→ EXERCISE DATA
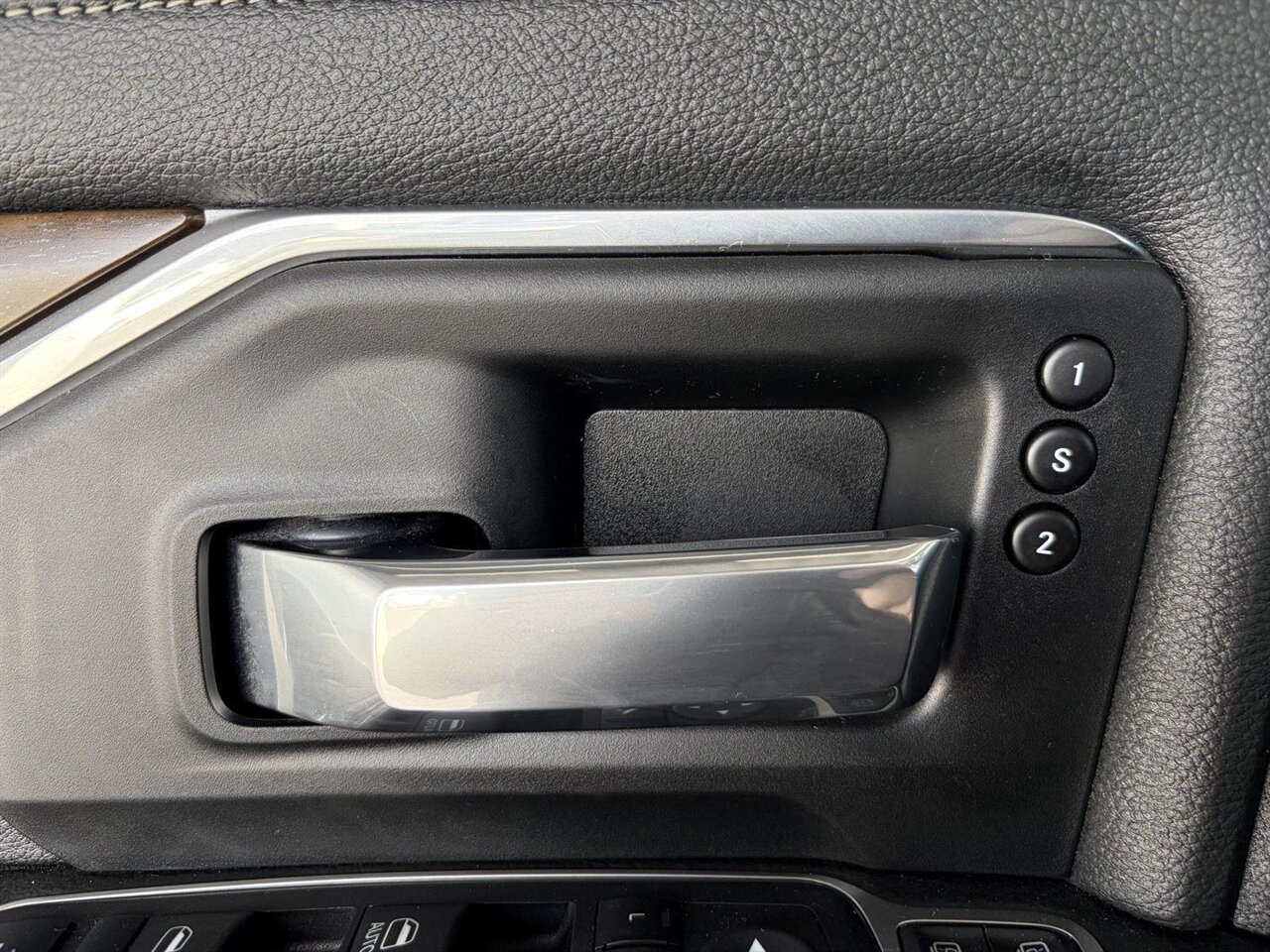 2024 RAM 2500 Laramie   - Photo 12 - Victorville, CA 92392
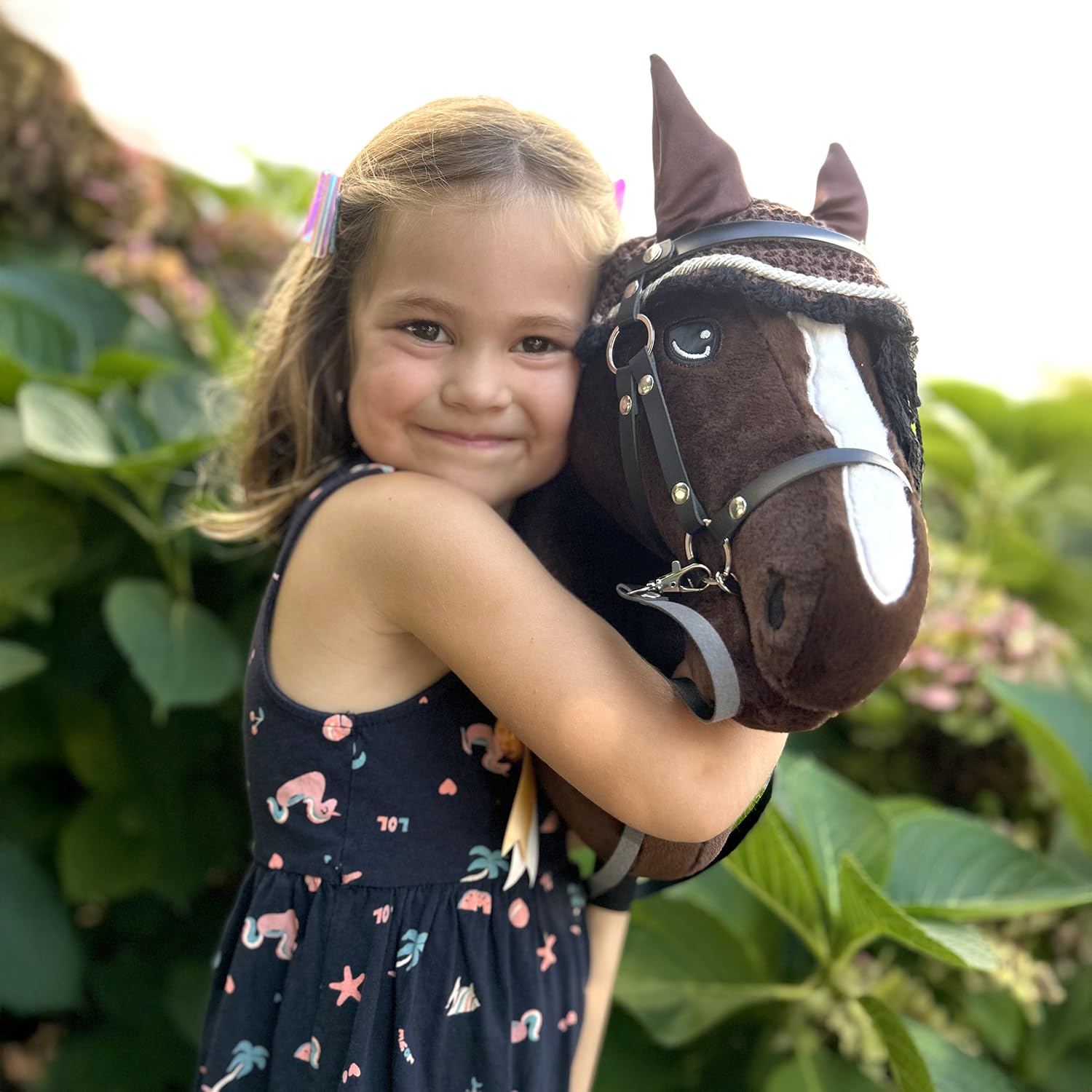 Hobby Horse A3 Braun mit schwarzer Mähne. Steckenpferd Komplettes Zubehör-Set: Halfter, Gebiss, Zügel, Halfter, Longe und braune Haube. Pferdekopf-Steckenpferd für Hobby Horsing Kinder und Jugendliche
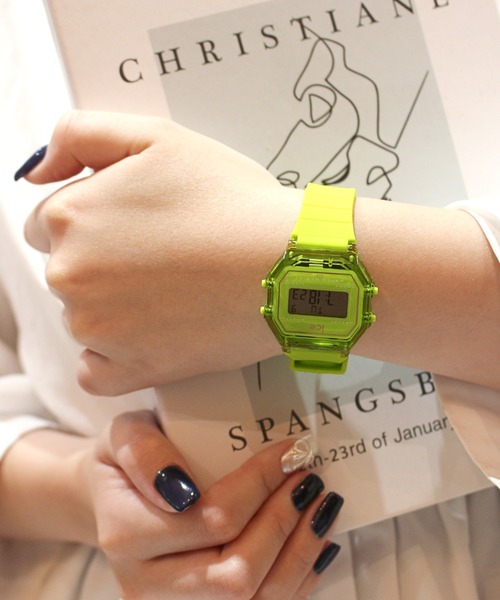 ICE WATCH（アイスウォッチ）の「「Ice-Watch アイスウォッチ」ICE digit retro アイスデジット レトロ　ネオンカラー（デジタル腕時計・レディース・スカイブルー/ホワイト/ミント/ライム/ブラック/レッド/イエロー/オレンジ/フューシャピンク・32mm）」の4枚目の写真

→ TASK STATEMENT
The lines wanted are those from the start of the material above through the line with "Hobby Horse A3", both included; print them exactly and skip any picture.

→ SOLUTION TO THE PROBLEM
 2024 RAM 2500 Laramie   - Photo 12 - Victorville, CA 92392
 Hobby Horse A3 Braun mit schwarzer Mähne. Steckenpferd Komplettes Zubehör-Set: Halfter, Gebiss, Zügel, Halfter, Longe und braune Haube. Pferdekopf-Steckenpferd für Hobby Horsing Kinder und Jugendliche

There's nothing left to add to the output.